She smiled. “Of course. Shall we begin?”
“Not just yet. Have a seat.” He motioned to a place on the sofa.
She looked surprised but obliged him, all the same, taking a seat and setting her hands in her lap.
He sat in the chair opposite her and surveyed her for a moment. “You know quite a bit about me after spending so much time in my company, but I find I know very little about you— or at least, I haven’t any idea how much what I have come to know is fact or fiction. I should like to rectify that before continuing.”
She held his gaze, hesitating for a moment before speaking. “It may come as a surprise, but I have been very honest with you in our interactions.”
“Aside from the being-a-woman part.”
She nodded.
“And your name.”
She primmed her lips together. “A partial untruth.”
“And that Mr. Franks is actually your twin brother.”
A little smile tugged at her lips. “And that.”
He raised a brow. “And if I continue with the list of things I know about you, would you continue acknowledging their falsity?”
She thought for a moment. “No. Ask me whatever you wish, and I will answer you honestly.”
“Whatever I wish?” He sat forward on the edge of his chair, sending her an intrigued glance.
She paused briefly then nodded. “I want you to trust me.”

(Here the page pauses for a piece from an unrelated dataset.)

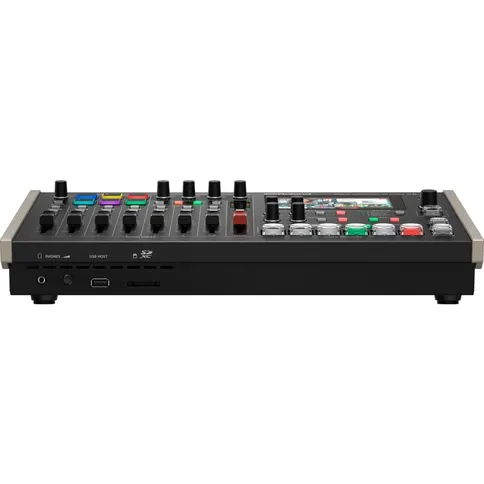 Roland-VR-6HD-av-mixer_3.jpg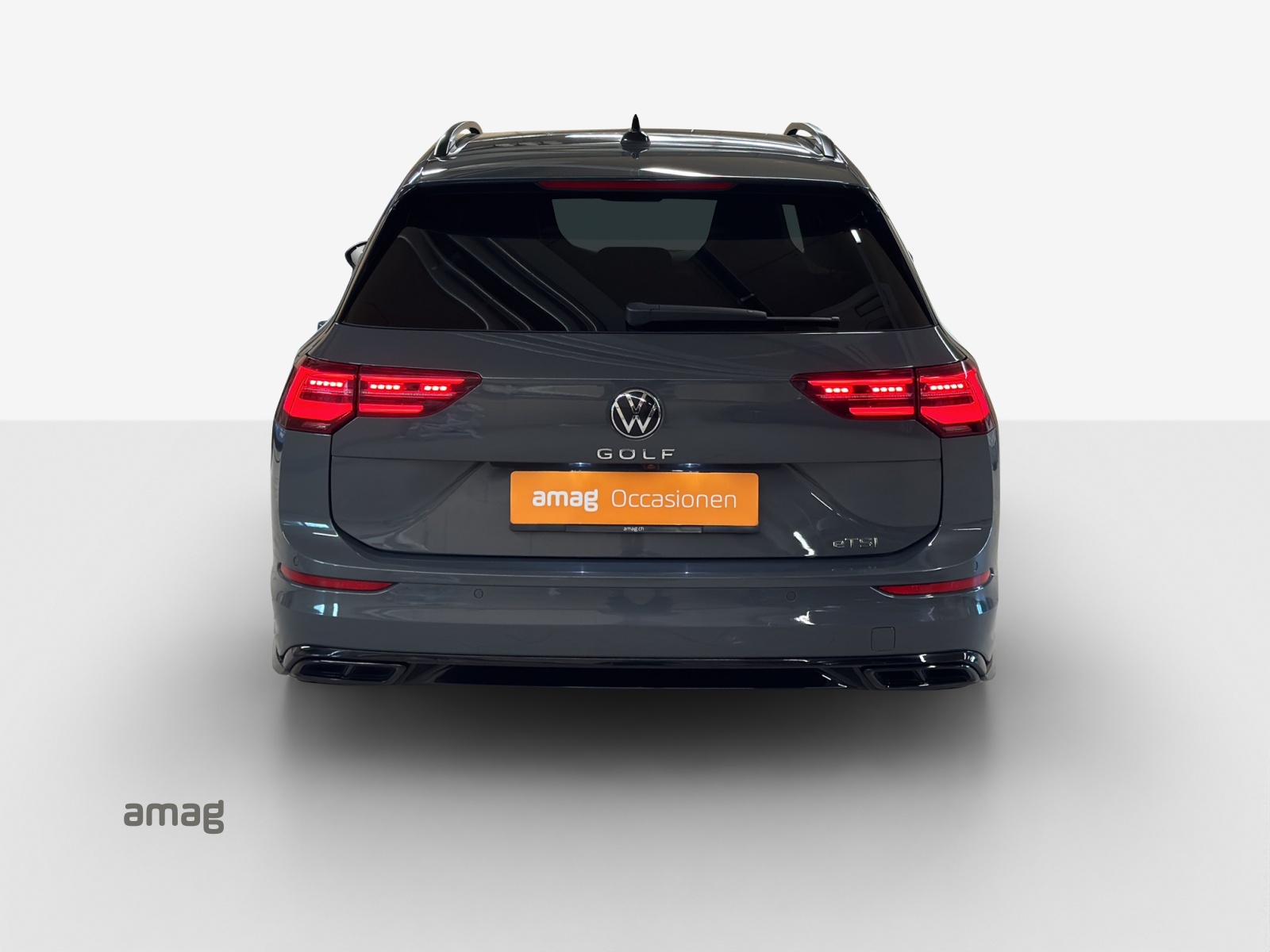 VW Golf Variant 1.5 eTSI mHEV R-Line-image-3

He twiddled his thumbs, keeping his gaze upon her. She didn’t flinch from it—that was a good sign. Or perhaps she was simply a coolheaded liar. He struggled to believe the latter, though. Something about her—something indefinable—told him he could still trust her.
But he wouldn’t waste an opportunity to gain a better understanding of her. She was a mystery to him—an enigma—this woman who had just spent weeks disguised as a gentleman.
What did he want to know? There was a whole host of questions he might ask her.
“Did you truly cut your hair to afford the journey here?” He stretched a hand toward it, rubbing a lock between his fingers. Her eyes flew to his, and he felt a jolt in his chest.
She kept her eyes on him, sitting very still. “I did.”
He tried to picture what she might look like with long hair, done up in an elegant coiffure. But he found he liked it as it was. He let his hand drop. “It suits you.”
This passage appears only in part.